Two years after licensing worldwide rights outside of Japan for Rigel Pharmaceuticals Inc.'s Aurora kinase inhibitors, Merck Serono SA exercised its option to complete the package by picking up Japanese rights, triggering a $3 million payment to Rigel.

Shares of South San Francisco-based Rigel (NASDAQ:RIGL) fell 54 cents, or 6 percent, to close at $8.51 on Wednesday. The company could not be reached for comment.

The original deal, signed in October 2005, called for Serono to pay Rigel $10 million in cash, $15 million in equity, and up to $135 million in milestones in exchange for exclusive development and commercialization rights to the program. Although the deal initially excluded Japan, Serono had two years to exercise an option in that territory. (See BioWorld Today, Oct. 26, 2005.)

Serono is conducting three Phase I cancer trials with R763/AS703569, the lead drug in the program. Jefferies and Co. analyst Adam Walsh predicted that interim data from a single-agent leukemia trial will be available by the end of the year, with full results to follow in 2008. Also expected in 2008 are data from a Phase I trial combining R763 with gemcitabine (Gemzar, Eli Lilly and Co.) chemotherapy in advanced tumors and data from a Phase I trial combining R763 with the standard of care in advanced tumors.

In preclinical studies, R763 showed anti-tumor activity. The drug is designed to inhibit Aurora kinases A and B, elevated levels of which are often associated with cancer. Inhibiting these kinases is thought to disrupt cell division and promote cell death through apoptosis, making them a hot oncology target.
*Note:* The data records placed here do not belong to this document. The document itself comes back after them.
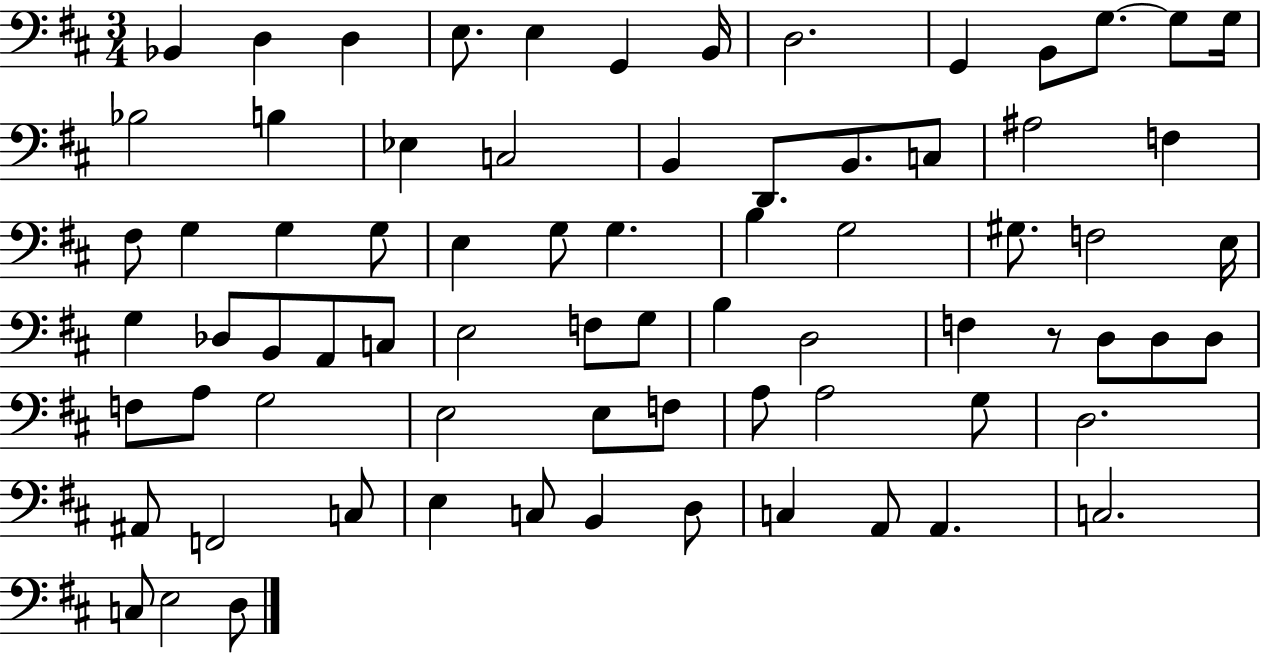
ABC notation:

X:1
T:Untitled
M:3/4
L:1/4
K:D
_B,, D, D, E,/2 E, G,, B,,/4 D,2 G,, B,,/2 G,/2 G,/2 G,/4 _B,2 B, _E, C,2 B,, D,,/2 B,,/2 C,/2 ^A,2 F, ^F,/2 G, G, G,/2 E, G,/2 G, B, G,2 ^G,/2 F,2 E,/4 G, _D,/2 B,,/2 A,,/2 C,/2 E,2 F,/2 G,/2 B, D,2 F, z/2 D,/2 D,/2 D,/2 F,/2 A,/2 G,2 E,2 E,/2 F,/2 A,/2 A,2 G,/2 D,2 ^A,,/2 F,,2 C,/2 E, C,/2 B,, D,/2 C, A,,/2 A,, C,2 C,/2 E,2 D,/2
The most advanced Aurora kinase inhibitor in development is Vertex Pharmaceuticals Inc.'s MK-0457 (VX-680), which is partnered with Merck & Co. Inc., of Whitehouse Station, N.J. The drug, which inhibits several kinases in addition to Aurora, is in a pivotal Phase II trial for chronic myelogenous leukemia and acute lymphocytic leukemia patients with the T3151 BCR-ABL mutation.
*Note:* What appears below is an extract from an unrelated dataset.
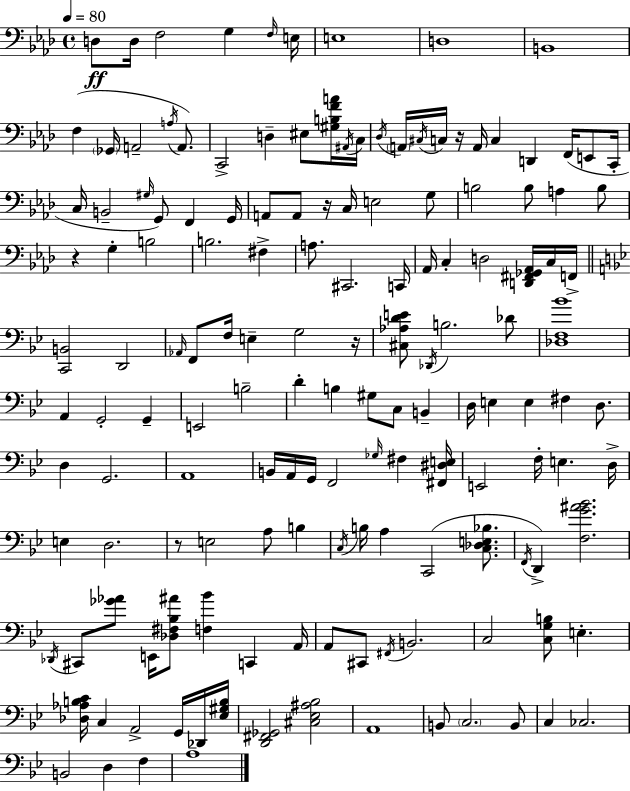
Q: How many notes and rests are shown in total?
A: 150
Behind MK-0457 are several Phase I Aurora kinase inhibitors, including Millennium Pharmaceuticals Inc.'s MLN8237, Cyclacel Pharmaceuticals Inc.'s CYC116, and Sunesis Pharmaceuticals Inc.'s SNS-314. Companies with preclinical programs include Ambit Biosciences Corp., Telik Inc. and EntreMed Inc.

Aurora is not the only kinase Rigel is interested in, however. The company's internal drug discovery engine has generated a pipeline of kinase inhibitors and has resulted in discovery deals with the likes of Janssen Pharmaceutica NV, Novartis Pharma AG, Daiichi Pharmaceuticals Co. Ltd., and Merck & Co. Inc.

The lead product in Rigel's pipeline, Syk kinase inhibitor R788 (gamatinib fosdium), recently completed a Phase II trial in immune thrombocytopenic purpura. Results showed that nine of the first 14 patients (64 percent) had higher stabilized platelet counts, with the primary side effects being gastrointestinal. R788 is also being studied in a Phase I/IIb cell lymphoma trial, and data from a Phase II rheumatoid arthritis trial are expected before the end of the year.

R788 is unpartnered, as is the preclinical JAK3 kinase inhibitor R348, which is scheduled to begin clinical trials later this year or early next year. In a research report, Walsh called R348 "low-hanging fruit for a potentially large partnership deal."

Rigel is also conducting preclinical work on a number of other kinase inhibitors and an ubiquitin ligase program for HIV.